MHB Log likelihood function and EM algorithm

Jameson · Oct 9, 2013

I'm going to start by asking about an example from class and then hopefully use that to work on the problem I need to solve. Here is an example:

Let's say we have a multinomial distribution $x \sim M(n;.5+.25\theta,0.25(1-\theta),0.25(1-\theta),0.5\theta)$.

The likelihood function of $\theta$ given the vector $x$ is:

$$f(x|\theta) = \frac{n!}{x_1!x_2!x_3!x_4!}(.5+.25\theta)^{x_1}(0.25(1-\theta)^{x_2+x_3}(0.5\theta)^{x_4}$$.

This part is fine.

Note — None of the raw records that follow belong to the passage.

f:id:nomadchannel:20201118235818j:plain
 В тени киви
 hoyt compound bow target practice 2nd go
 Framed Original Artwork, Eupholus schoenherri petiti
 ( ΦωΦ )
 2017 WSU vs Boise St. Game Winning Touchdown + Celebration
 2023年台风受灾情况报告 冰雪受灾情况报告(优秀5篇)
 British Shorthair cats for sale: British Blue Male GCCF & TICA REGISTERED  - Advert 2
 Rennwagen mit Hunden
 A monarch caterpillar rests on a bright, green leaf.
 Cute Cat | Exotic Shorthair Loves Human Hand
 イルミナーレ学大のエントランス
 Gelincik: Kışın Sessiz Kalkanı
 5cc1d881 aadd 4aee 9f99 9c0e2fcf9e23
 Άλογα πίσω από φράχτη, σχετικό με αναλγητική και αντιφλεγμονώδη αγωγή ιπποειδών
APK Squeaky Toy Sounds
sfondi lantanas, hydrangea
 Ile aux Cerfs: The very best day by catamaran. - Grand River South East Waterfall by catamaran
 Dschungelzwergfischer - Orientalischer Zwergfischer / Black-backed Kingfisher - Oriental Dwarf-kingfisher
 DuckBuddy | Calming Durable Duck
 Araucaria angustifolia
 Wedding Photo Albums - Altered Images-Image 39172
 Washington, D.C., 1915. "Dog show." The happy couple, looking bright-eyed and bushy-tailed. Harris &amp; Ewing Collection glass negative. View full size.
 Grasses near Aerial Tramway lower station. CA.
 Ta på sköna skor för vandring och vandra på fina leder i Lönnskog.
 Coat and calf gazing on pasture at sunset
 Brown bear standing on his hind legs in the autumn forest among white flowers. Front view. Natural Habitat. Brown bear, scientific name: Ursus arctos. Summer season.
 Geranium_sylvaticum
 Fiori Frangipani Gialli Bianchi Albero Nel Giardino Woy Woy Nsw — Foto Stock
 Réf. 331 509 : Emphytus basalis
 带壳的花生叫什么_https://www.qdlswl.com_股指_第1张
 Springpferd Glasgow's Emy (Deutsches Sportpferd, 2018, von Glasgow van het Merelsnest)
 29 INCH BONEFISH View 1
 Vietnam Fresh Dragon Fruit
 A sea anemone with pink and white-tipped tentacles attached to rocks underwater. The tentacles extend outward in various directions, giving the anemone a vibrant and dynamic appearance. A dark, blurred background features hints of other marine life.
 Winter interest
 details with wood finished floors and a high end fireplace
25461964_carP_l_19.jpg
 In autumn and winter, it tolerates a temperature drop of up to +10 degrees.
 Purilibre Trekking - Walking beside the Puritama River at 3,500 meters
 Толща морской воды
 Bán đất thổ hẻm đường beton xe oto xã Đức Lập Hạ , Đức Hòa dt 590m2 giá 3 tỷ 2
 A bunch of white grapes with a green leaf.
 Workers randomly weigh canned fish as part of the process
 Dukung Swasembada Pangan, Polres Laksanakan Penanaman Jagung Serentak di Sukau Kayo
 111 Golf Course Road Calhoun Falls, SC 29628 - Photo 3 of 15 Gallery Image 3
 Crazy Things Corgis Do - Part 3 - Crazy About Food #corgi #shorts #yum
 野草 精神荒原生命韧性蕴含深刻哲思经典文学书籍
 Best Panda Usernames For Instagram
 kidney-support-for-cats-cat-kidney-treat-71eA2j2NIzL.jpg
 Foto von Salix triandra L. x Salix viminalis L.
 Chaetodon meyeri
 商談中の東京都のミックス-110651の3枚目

It's this next step that confuses me.

$$\log (f(x|\theta))=x_1 \log(2+ \theta)+(x_2+x_3) \log(1-\theta)+x_4 \log(\theta)+\text{constant}$$

I understand the standard log rules I believe but I don't see how $\log(.5+.25\theta)^{x_1}=x_1 \log(2+ \theta)$. Obviously $x_1$ can be brought down in front of the expression but the stuff inside the parentheses makes no sense.

MarkFL · Oct 9, 2013

I would look at it as:

$$\log(.5+.25\theta)^{x_1}=x_1\log\left(\frac{1}{2}+\frac{\theta}{4} \right)=x_1\log\left(\frac{2+\theta}{4} \right)=x_1 \log(2+ \theta)+\text{constant}$$

Jameson · Oct 9, 2013

That's it! Nice eye. :)

Ok, so here is the problem I need to do. How does this look?

$\displaystyle f(x|\theta) = \frac{n!}{x_1!x_2!x_3!x_4!}(0.25\theta)^{x_1}(0.25(2+\theta))^{x_2}(0.5(1-2\theta))^{x_3}(0.5\theta)^{x_4}$

$\displaystyle f(x|\theta) = \frac{n!}{x_1!x_2!x_3!x_4!}\left( \frac{\theta}{4}\right)^{x_1}\left( \frac{2+\theta}{4} \right)^{x_2}\left( \frac{1-2\theta}{2} \right)^{x_3} \left(\frac{\theta}{2} \right)^{x_4}$

$\log (f(x|\theta))=x_1 \log(\theta)+x_2 \log(2+\theta)+ x_3 \log(1-2\theta)+x_4 \log(\theta) +\text{constant}$

MarkFL · Oct 9, 2013

Jameson said:

That's it! Nice eye. :)

Ok, so here is the problem I need to do. How does this look?

$\displaystyle f(x|\theta) = \frac{n!}{x_1!x_2!x_3!x_4!}(0.25\theta)^{x_1}(0.25(2+\theta))^{x_2}(0.5(1-2\theta))^{x_3}(0.5\theta)^{x_4}$

$\displaystyle f(x|\theta) = \frac{n!}{x_1!x_2!x_3!x_4!}\left( \frac{\theta}{4}\right)^{x_1}\left( \frac{2+\theta}{4} \right)^{x_2}\left( \frac{1-2\theta}{2} \right)^{x_3} \left(\frac{\theta}{2} \right)^{x_4}$

$\log (f(x|\theta))=x_1 \log(\theta)+x_2 \log(2+\theta)+ x_3 \log(1-2\theta)+x_4 \log(\theta) +\text{constant}$

Yes, looks like you have properly applied the appropriate properties of logs to me. (Sun)

Jameson · Oct 9, 2013

So the next step according to my notes is to make a partition of one of the $x$ variables by writing $x_n = y_1+y_2$ for some $n$. My professor suggested partitioning $x_2$.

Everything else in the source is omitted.